Moonby House is a heritage-listed colonial pastoral station and now retirement village located on the New England Highway in Kootingal in the Tamworth Regional Council local government area of New South Wales, Australia. The house was built from 1895 to 1896. It is also known as Moonbi Retirement Homes. The property is owned by the Freemasons Institution of NSW and was added to the New South Wales State Heritage Register on 2 April 1999.

History 
Through the process of "squatting" on Crown land, squatters had occupied most of the Peel Valley and adjacent Moonbi Ranges by the late 1830s.

By 1848 Henry Dangar had formed the "Moonbi" run of . Henry Dangar was company surveyor for the Australian Agricultural Company and was the influencing factor in convincing Edward Parry (company agent for the Australian Agricultural Company) to exchange the coastal and mountainous lands at Port Stephens for the better pastoral lands of the Peel Valley.

Pastoral runs were open range country, with a head station that was the heart of the enterprise. Moonby House was erected by the Gill family, which had made their money both from mail contracting and from pastoralism. This was the expression of that wealth at the end of the nineteenth century. Robert Alfred Orvill Gill built the house during 1895-96, of double brick made near the river, on the property Tangelwood.

In 1970 Moonby House was restored by "Artificial Breeders Ltd." who made it the administrative headquarters of a cattle artificial insemination centre.

In 1977 the Masonic Lodge conceived to change it to a retirement village.

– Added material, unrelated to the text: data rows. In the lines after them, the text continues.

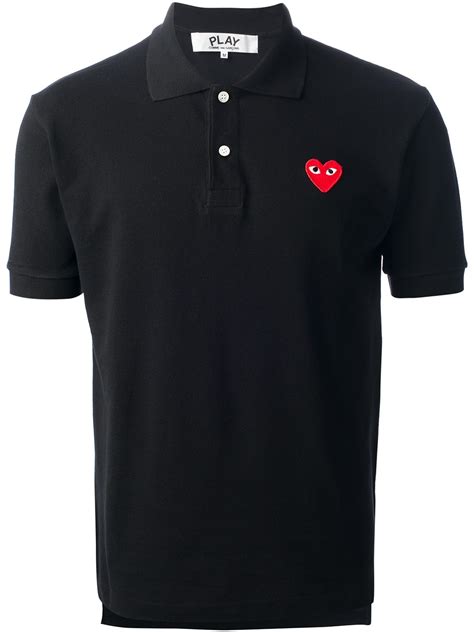 Play Comme des Garçons Embroidered Heart Polo Shirt in Black for Men Lyst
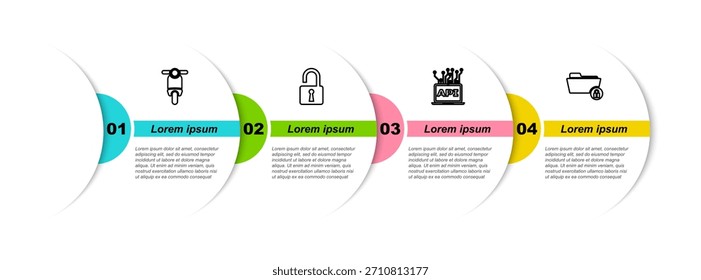 Set line Scooter, Open padlock, Computer api interface and Folder and. Business infographic template. Vector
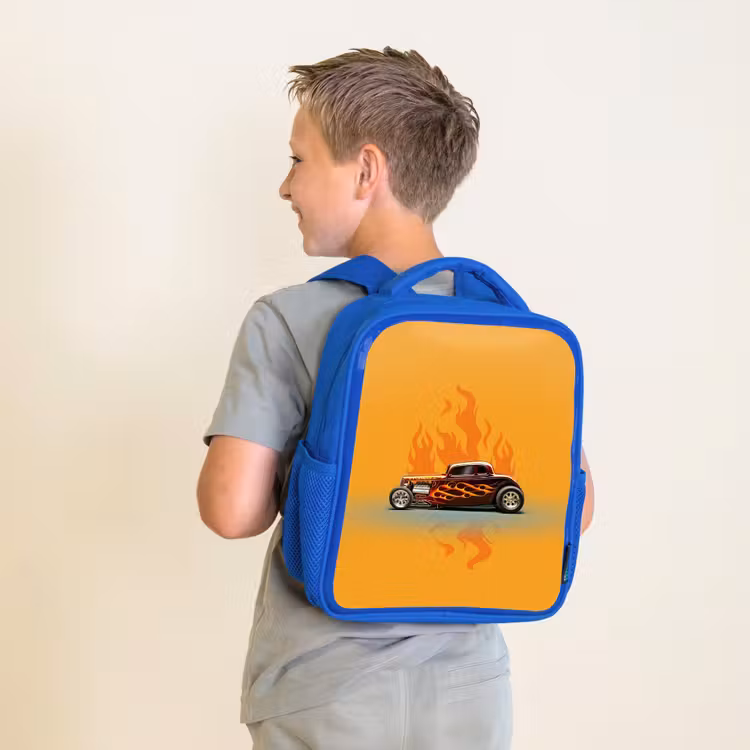 Kinderrugzak - Blauw - Bruine auto met gele vlammen — 3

In 1978 the Freemasons Benevolent Institution of NSW purchased the property to establish the Northern Inland Masonic Retirement Centre - as a residential aged care facility. At the time of the study Moonbi House was still being utilised for that purpose.

Description 
It is well-sited with views across the countryside to the Moonbi Ranges. Moonby House is now located within a retirement village.

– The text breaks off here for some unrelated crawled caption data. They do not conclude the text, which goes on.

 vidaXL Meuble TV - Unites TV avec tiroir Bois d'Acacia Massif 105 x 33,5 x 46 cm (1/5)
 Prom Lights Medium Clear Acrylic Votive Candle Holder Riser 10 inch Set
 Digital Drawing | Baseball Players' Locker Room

Moonby House has a long driveway leading onto Churchill Drive, included as part of its curtilage.

Moonby House, constructed between 1895 and 1896, is representative of the development of the pastoral expansion of the Parry Shire, and is also an outstanding example of a pastoral manor house in the Federation Filigree style. It is important to the local community as a landmark item and is associated with the historical figures Henry Dangar (original lease holder) and the Gill Family (original owners of the house). It is also developing additional social and cultural importance associated with its current use as a retirement village.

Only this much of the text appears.